Rio de Janeiro, 21 de janeiro de 1908
Meu querido amigo,
A sua carta de 17 chegou-me ontem, 20, e só agora de manhã lhe respondo.
Não cuidei que a causa da ausência destes dias fossem nervos; agora o sei e creio. Já nos habituou a esses sujeitos, maus inquilinos, quando se metem a proprietários efetivos abusam desapiedadamente da casa. Felizmente parece que estes vão cedendo; apesar disso, a sua resolução de obter descanso ou licença para se tratar de vez e seguidamente, é boa. Por mais que me custe a ausência, estimo saber que caminha para o total restabelecimento.

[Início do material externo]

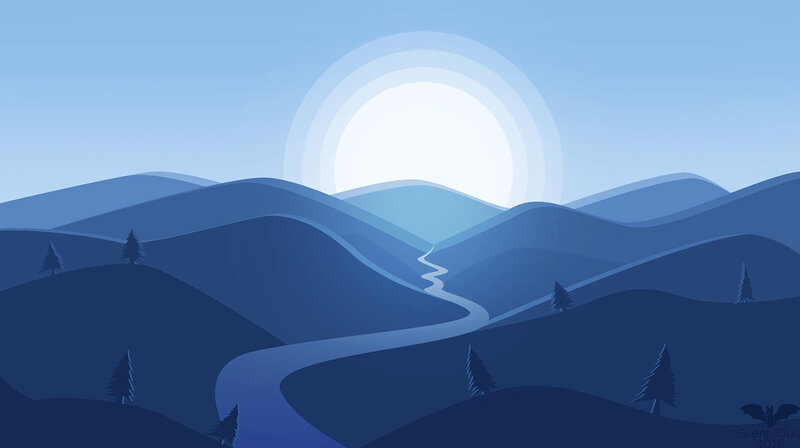 Blue Mountain Landscape — Serene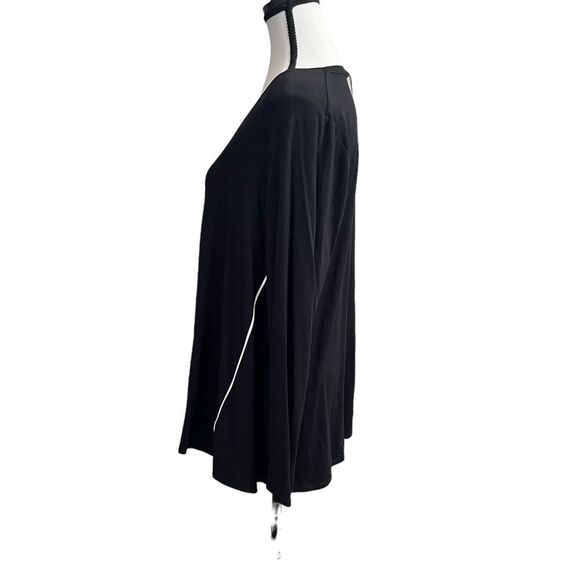 New With Tags MARLA WYNNE Long Sleeves V-Neck Blouse with White Trim Size Med - Picture 2 of 9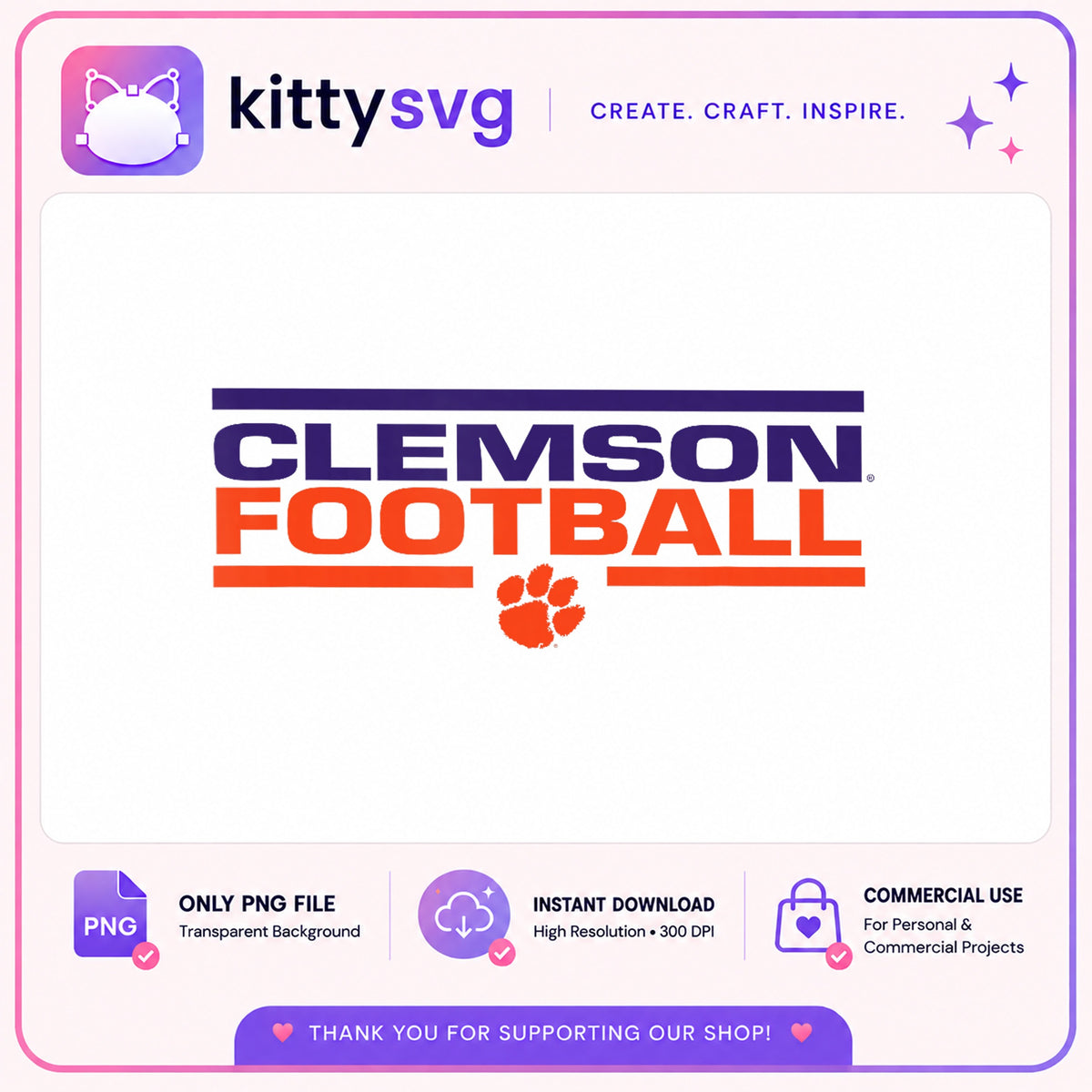 Clemson Football PNG, Tigers Paw Print PNG, College Football PNG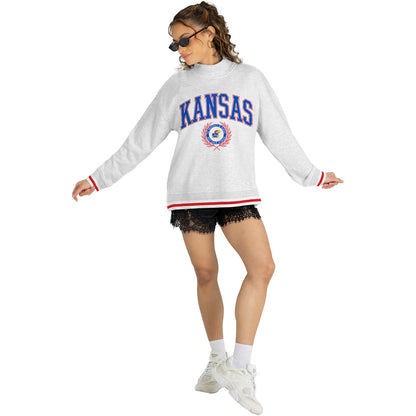 Gameday Couture Kansas Jayhawks Crest Grey Mock Neck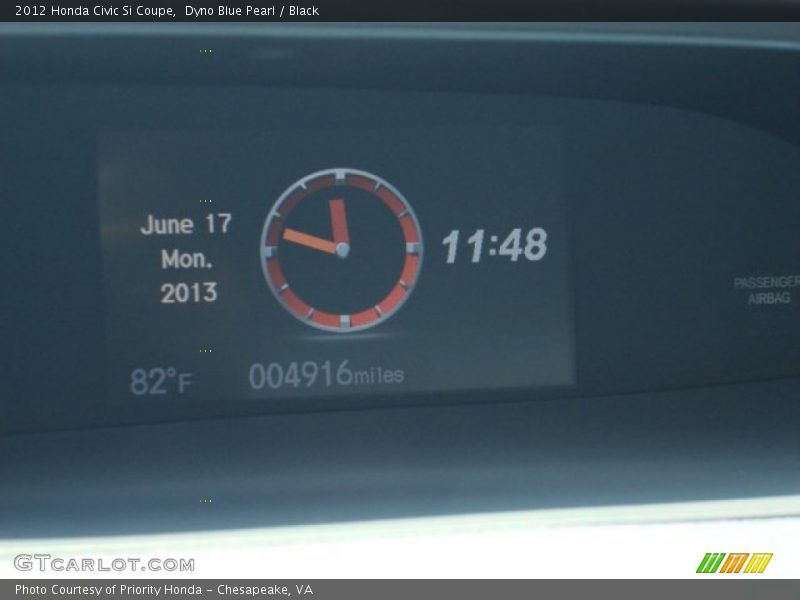 Dyno Blue Pearl / Black 2012 Honda Civic Si Coupe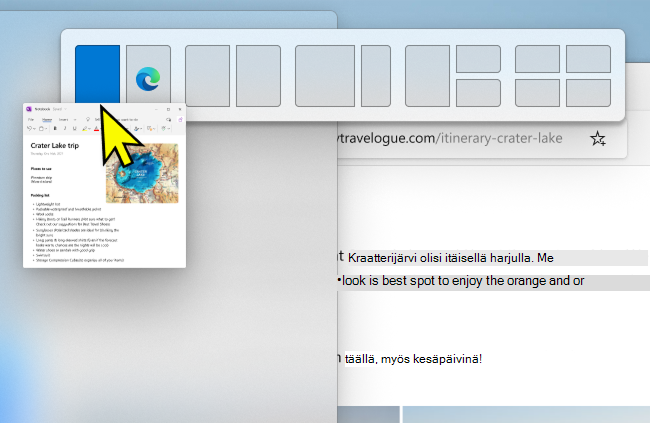 Näyttökuva Kohdistusavustajan kehotuksesta valita asettelu.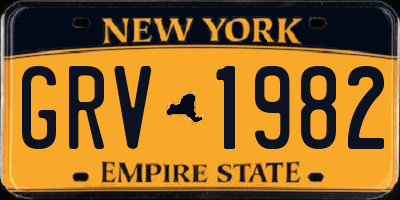 NY license plate GRV1982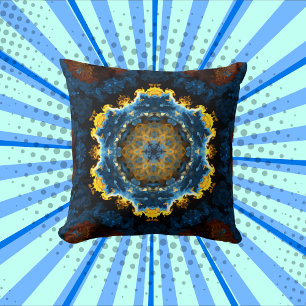 Coussin Psychédélique Mandala Flower bleu jaune et orange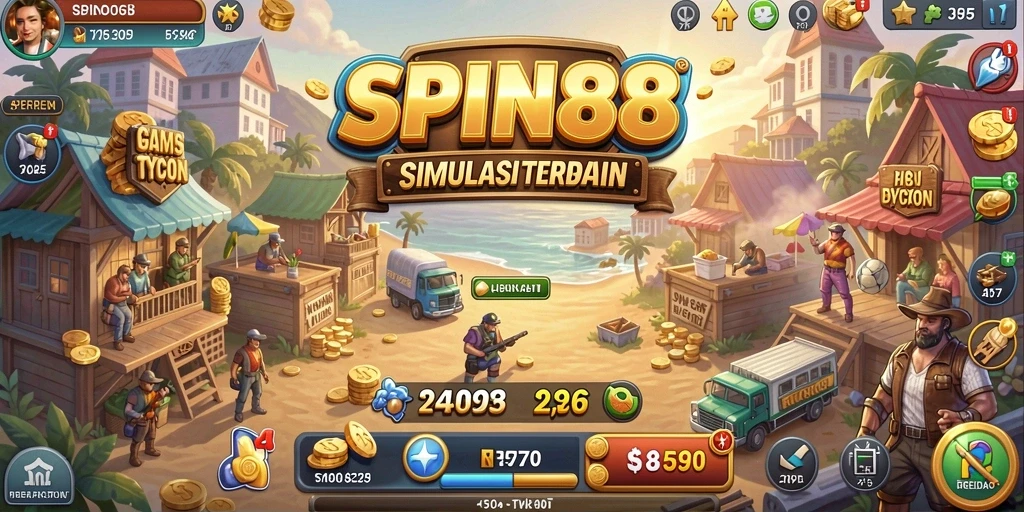 Screenshot gameplay SPIN88 menunjukkan suasana manajerial yang seru.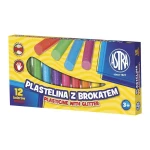 Plastelina 12 Kolorów Brokat Astra 303107001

Lá tem consigo, na família, o melhor viático do coração.
Tem ainda o do espírito, esse Prometeu que o atrai e para o qual toma notas e colige ideias. Sobre o verso solto, em que pretende fazê-lo, não pode ter senão os meus aplausos. Sabe como aprecio este verso nosso, que o gosto da rima tornou desusado; e o verso de Garret e de Gonçalves Dias, e ambos, aliás, sabiam rimar tão bem.
Agora, ao levantar-me, apesar do cansaço de ontem, meti-me a reler algumas páginas do Prometeu de Ésquilo, através de Leconte de Lisle; ontem entretive-me com o Phedon de Platão, também de manhã, veja como ando grego, meu amigo. [ ]

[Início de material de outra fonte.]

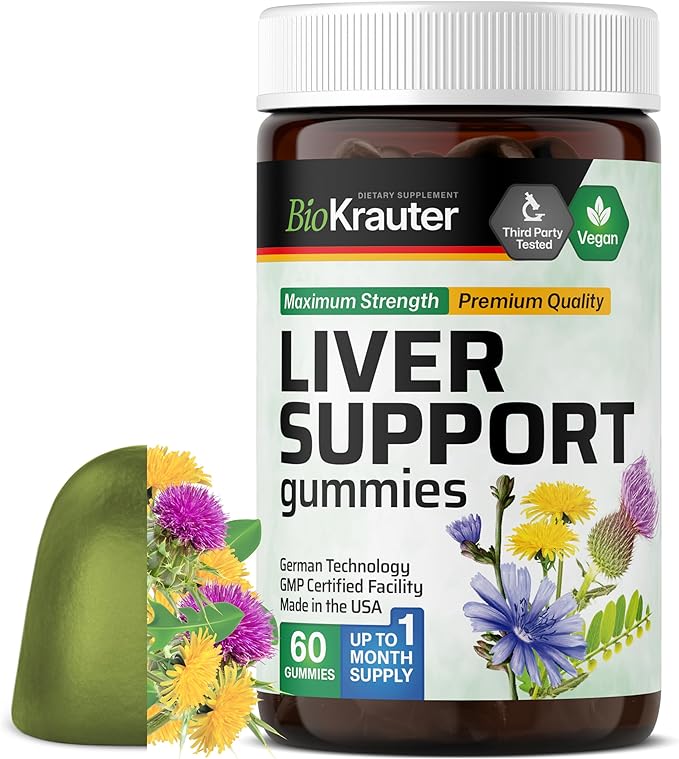 BIO KRAUTER® 9-in-1 Liver Detox with Vitamin C, Milk Thistle, Turmeric, Dandelion Root, Beet Root, Chanca Piedra for Liver Support - Vegan Liver Supplement, 60 Gummies, 30 Days of Supply - Non-GMO
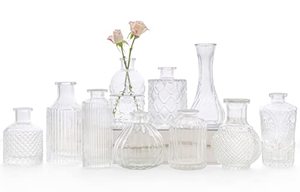 lot 12363 image: Glass Bud Vase Set of 10 - Small Clear Vases in Bulk, Cute Glass Vases for Centerpieces, Mini Vintage Vase for Rustic Wedding Decorations, Home Table Flower Decor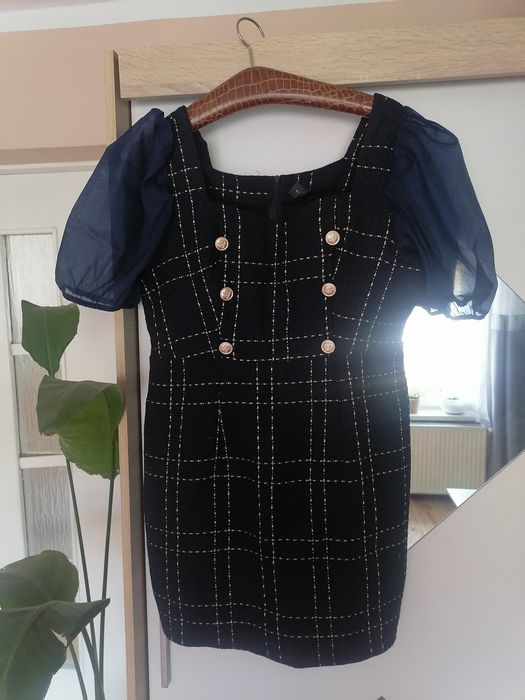 Elegancka sukienka granatowo zlota guziki komunia 44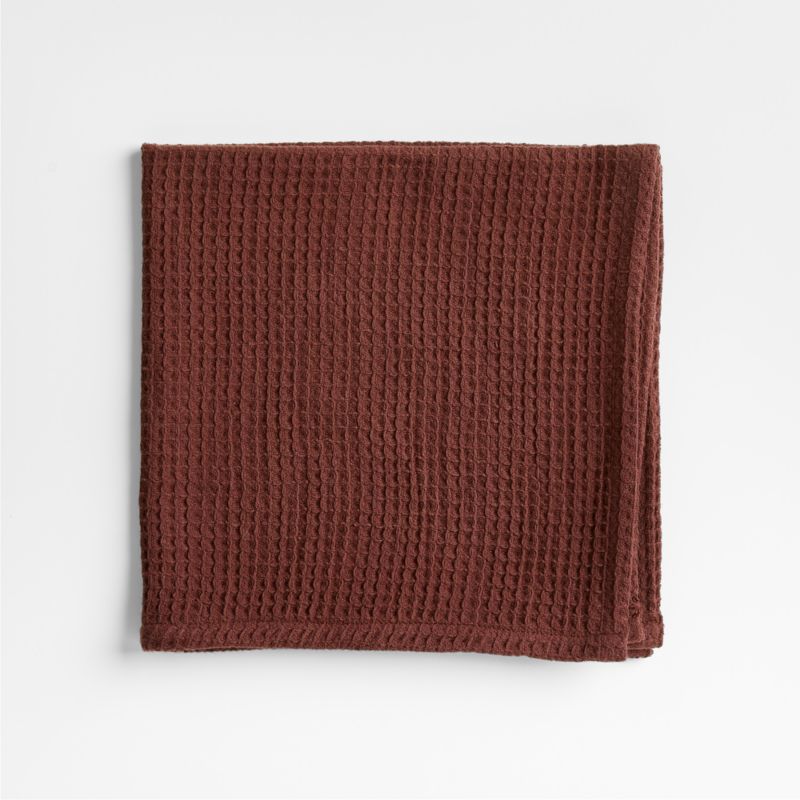 Wren Chocolate Brown Waffle Weave Organic Cotton Napkin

De mim, vou bem, apenas com os achaques da velhice, mas suportando sem novidade o pecado original, deixe-me chamar-lhe assim. Creio que Miguel Couto me trouxe a graça. [ ]
Adeus querido amigo, recomende-me a D. Helena, a Mamãe e a todos os seus meninos. Creia-me sempre,
Seu do coração,
Machado de Assis
In Prezado senhor, Prezada senhora, Estudos sobre cartas, Walnice Nogueira Galvão e Nádia Battella Gotlib, Companhia das Letras, SP, 2000.